Viktor Orbán, o kuruc dos tempos modernos

Enfrentando o resto da Europa, o primeiro-ministro húngaro elogia a fibra contestatária dos seus compatriotas contra os poderes externos. Mas nem sempre funciona, como sublinha o diário Népszabadság.

Publicado em 1 Fevereiro 2011 às 10:10

Como um menino mal comportado, o Governo de Orbán parece por à prova todos quantos defendem que, até aqui, a sociedade húngara suportou tudo o que lhe foi infringido, mas a Europa é outro assunto. Quem poderia imaginar que uma lei sobre a Comunicação Social provocaria uma tal batalha? Que os jornalistas húngaros seriam apoiados no estrangeiro e que as imprensas francesa, alemã e britânica se interessariam pela liberdade de imprensa na Hungria? E que a própria Comissão Europeia pensasse, realmente, analisar o texto legislativo?

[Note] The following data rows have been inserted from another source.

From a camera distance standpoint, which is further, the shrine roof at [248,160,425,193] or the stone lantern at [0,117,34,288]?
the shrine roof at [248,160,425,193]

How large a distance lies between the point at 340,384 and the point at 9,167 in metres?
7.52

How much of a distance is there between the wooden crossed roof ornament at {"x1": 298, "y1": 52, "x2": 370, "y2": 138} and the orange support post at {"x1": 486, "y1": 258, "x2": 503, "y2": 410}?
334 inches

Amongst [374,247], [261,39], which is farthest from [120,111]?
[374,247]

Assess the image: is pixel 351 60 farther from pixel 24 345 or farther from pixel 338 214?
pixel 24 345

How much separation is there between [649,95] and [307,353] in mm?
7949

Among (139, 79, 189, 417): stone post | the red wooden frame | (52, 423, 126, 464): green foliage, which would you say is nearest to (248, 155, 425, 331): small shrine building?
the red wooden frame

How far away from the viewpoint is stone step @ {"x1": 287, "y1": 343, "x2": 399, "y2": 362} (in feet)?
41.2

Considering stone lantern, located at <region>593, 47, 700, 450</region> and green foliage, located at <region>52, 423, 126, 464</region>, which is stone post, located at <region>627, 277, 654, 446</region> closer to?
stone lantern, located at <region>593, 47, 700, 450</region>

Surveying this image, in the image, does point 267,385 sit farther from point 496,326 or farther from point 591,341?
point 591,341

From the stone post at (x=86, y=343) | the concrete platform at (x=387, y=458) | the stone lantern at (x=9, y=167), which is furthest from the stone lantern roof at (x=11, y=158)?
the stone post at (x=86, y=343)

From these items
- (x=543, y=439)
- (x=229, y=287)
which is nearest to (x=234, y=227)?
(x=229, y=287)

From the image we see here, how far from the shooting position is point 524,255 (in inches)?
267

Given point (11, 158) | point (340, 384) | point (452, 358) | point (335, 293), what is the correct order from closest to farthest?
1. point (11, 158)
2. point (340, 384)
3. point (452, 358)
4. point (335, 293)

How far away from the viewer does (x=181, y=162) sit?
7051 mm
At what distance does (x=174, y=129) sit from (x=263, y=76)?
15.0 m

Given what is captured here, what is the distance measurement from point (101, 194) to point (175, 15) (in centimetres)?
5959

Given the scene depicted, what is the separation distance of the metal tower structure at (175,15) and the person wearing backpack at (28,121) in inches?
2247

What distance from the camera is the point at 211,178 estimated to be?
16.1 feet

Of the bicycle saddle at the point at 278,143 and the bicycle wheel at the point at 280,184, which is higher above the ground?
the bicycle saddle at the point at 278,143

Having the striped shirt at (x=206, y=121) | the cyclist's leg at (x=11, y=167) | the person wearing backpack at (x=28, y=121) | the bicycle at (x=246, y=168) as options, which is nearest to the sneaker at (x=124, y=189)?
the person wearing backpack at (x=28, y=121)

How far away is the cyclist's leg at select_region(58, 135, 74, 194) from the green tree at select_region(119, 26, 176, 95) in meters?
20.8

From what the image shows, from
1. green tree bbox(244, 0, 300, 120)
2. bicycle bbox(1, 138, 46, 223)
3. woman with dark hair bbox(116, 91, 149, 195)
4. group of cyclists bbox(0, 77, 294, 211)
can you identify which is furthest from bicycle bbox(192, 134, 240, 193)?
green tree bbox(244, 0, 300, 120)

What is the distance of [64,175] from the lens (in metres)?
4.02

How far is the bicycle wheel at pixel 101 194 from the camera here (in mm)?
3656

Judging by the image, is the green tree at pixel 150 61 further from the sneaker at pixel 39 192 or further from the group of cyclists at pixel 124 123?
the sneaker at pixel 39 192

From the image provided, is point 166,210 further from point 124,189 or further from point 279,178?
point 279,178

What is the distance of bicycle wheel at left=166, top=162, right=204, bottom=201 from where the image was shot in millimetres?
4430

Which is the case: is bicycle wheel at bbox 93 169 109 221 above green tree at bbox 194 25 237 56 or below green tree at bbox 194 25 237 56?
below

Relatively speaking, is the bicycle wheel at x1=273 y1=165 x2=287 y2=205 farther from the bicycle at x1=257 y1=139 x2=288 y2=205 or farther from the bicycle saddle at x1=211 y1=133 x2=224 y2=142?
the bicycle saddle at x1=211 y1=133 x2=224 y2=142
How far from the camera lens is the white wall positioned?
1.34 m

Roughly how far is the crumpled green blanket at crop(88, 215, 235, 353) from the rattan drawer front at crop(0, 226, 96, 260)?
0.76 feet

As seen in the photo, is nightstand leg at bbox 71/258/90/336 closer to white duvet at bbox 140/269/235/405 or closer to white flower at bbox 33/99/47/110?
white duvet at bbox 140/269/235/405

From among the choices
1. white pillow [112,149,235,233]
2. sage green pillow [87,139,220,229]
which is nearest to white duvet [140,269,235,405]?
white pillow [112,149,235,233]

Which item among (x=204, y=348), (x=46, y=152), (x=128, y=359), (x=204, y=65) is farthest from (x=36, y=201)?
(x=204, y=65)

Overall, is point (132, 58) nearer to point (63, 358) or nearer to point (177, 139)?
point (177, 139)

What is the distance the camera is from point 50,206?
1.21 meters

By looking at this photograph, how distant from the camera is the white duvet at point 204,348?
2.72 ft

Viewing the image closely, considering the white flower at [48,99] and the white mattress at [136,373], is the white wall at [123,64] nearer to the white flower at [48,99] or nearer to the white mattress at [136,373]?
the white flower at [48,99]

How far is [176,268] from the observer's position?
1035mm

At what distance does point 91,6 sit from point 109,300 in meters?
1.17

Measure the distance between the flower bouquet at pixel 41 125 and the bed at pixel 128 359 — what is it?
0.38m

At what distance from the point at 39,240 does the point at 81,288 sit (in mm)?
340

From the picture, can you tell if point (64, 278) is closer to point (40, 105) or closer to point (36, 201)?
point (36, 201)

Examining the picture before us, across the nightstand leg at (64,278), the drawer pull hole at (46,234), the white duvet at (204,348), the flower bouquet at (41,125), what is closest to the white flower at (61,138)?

O caso colocou-nos na ordem do dia do Parlamento Europeu. E estamos bem acompanhados: os deputados analisaram a situação na Tunísia, a violência contra os cristãos no Médio Oriente, a situação na Bielorrússia e... o funcionamento da democracia na Hungria.

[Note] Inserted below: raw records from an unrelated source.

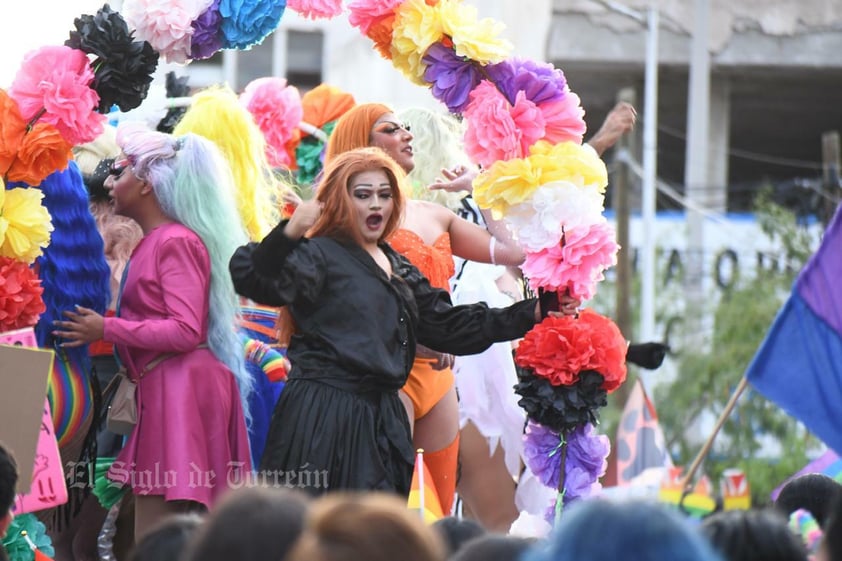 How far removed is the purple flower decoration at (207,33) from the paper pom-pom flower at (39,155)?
0.70 meters

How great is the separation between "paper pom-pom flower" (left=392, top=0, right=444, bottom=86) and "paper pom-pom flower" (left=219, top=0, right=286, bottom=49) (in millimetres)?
485

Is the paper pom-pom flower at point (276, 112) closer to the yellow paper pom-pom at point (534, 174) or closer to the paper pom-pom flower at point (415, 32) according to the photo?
the paper pom-pom flower at point (415, 32)

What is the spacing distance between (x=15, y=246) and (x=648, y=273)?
16.7 metres

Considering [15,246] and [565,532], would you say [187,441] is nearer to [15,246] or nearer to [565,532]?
[15,246]

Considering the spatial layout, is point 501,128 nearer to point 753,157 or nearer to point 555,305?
point 555,305

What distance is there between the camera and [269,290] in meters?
5.83

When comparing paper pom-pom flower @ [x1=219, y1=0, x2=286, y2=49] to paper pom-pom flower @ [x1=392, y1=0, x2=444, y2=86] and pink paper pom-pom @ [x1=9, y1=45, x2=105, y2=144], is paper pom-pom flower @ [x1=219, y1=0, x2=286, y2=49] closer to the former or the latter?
paper pom-pom flower @ [x1=392, y1=0, x2=444, y2=86]

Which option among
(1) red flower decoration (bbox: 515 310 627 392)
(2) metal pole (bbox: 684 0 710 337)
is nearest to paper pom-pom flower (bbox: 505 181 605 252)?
(1) red flower decoration (bbox: 515 310 627 392)

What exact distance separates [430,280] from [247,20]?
4.23 ft

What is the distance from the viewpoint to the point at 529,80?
21.9 ft

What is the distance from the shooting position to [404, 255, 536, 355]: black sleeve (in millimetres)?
6426

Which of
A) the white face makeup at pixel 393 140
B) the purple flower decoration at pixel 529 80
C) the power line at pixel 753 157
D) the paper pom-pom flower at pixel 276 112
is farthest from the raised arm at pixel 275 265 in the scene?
the power line at pixel 753 157

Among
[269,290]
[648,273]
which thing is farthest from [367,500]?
[648,273]

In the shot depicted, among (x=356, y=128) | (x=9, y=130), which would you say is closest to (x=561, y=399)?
(x=356, y=128) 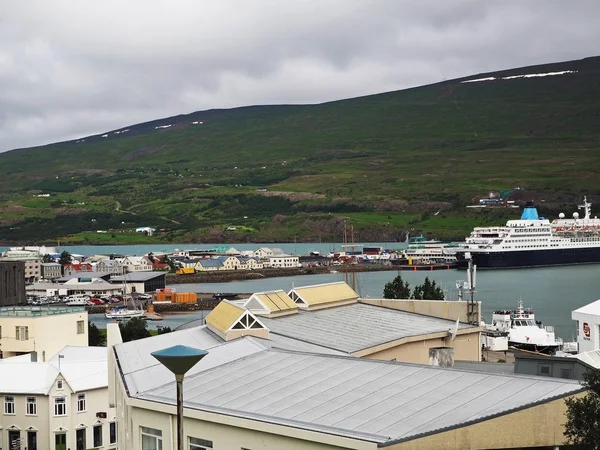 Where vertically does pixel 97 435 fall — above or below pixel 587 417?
below

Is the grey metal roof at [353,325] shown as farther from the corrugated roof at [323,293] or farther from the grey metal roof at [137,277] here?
the grey metal roof at [137,277]

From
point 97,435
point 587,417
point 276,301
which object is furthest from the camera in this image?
point 97,435

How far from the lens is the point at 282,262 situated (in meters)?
108

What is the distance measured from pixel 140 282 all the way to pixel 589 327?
212 feet

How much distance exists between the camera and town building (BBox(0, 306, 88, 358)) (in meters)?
24.3

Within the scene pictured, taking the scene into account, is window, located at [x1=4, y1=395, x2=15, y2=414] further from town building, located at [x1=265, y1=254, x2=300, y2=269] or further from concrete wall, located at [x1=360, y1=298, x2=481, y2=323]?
town building, located at [x1=265, y1=254, x2=300, y2=269]

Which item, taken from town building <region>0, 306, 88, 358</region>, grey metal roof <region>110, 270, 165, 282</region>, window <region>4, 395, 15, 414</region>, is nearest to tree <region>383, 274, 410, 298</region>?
town building <region>0, 306, 88, 358</region>

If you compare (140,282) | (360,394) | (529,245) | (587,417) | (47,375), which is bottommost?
(140,282)

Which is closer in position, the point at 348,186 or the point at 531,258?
the point at 531,258

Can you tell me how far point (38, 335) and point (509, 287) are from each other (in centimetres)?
5438

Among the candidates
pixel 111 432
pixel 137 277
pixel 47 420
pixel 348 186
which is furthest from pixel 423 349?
pixel 348 186

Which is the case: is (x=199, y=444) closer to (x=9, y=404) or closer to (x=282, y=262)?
(x=9, y=404)

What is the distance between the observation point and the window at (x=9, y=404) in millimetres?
19375

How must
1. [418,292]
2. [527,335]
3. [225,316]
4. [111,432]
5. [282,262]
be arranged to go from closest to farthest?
[225,316] → [111,432] → [418,292] → [527,335] → [282,262] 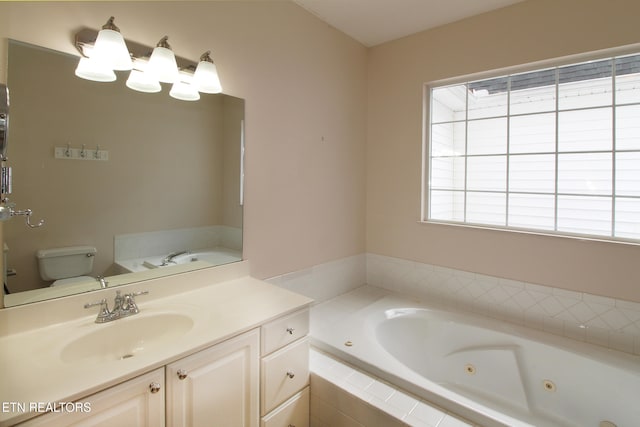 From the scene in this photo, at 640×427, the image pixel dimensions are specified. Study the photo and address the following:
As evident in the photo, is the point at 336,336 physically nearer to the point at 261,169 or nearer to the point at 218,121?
the point at 261,169

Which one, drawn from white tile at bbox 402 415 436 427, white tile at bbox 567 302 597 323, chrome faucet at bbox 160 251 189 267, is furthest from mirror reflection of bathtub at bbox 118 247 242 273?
white tile at bbox 567 302 597 323

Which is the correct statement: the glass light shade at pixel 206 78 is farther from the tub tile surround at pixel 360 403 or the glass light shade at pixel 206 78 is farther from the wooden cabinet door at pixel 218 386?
the tub tile surround at pixel 360 403

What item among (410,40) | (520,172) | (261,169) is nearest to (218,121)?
(261,169)

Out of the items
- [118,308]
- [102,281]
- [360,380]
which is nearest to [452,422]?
[360,380]

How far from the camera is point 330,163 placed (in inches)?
99.5

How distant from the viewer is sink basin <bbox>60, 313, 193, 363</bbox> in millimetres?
1175

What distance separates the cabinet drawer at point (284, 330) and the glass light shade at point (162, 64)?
1.21 m

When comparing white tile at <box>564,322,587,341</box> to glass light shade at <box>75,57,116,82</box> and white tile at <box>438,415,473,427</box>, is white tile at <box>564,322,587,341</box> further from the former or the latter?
glass light shade at <box>75,57,116,82</box>

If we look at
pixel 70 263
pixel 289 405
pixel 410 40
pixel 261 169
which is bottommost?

Podemos sentir-nos ofendidos. E foi assim que se sentiu o Governo. Viktor Orbán, indignado, recusou as “acusações contra a Hungria”. Sublinhando que nem sempre consegue compreender a Europa. O seu secretário de Estado para a Comunicação – que defendia que Neelie Kroes tinha apenas objeções técnicas à legislação sobre os media – não quer perceber que a Comissão tem sérias dúvidas sobre a conformidade da nova lei com a Carta dos direitos fundamentais da União Europeia. Este subterfúgio não funciona na era da Internet e do WikiLeaks. Orbán empenhou-se pessoalmente nesta lei e vai ter grandes dificuldades para sobreviver.

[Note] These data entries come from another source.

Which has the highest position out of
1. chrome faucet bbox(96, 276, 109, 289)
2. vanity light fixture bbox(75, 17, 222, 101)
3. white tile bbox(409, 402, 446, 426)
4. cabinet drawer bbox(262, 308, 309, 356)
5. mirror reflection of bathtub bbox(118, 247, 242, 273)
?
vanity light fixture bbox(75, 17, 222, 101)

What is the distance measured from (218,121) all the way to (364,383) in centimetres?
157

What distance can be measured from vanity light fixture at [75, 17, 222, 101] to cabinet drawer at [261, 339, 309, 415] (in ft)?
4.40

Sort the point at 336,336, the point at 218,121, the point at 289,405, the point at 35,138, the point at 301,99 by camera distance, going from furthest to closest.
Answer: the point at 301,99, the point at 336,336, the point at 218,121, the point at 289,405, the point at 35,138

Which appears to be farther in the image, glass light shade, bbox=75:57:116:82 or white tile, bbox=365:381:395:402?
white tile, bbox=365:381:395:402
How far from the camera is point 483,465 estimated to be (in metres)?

Rebelião contra o capital e os comentadores políticos ocidentais

Pode sempre esperar-se que o assunto se resolva por si próprio e que, entretanto, a Europa tenha outras questões prementes para resolver. Pode esperar-se que façamos um trabalho tão extraordinário durante a nossa presidência que, daqui a seis meses, esteja tudo esquecido ou, melhor ainda, que até nos peçam desculpa.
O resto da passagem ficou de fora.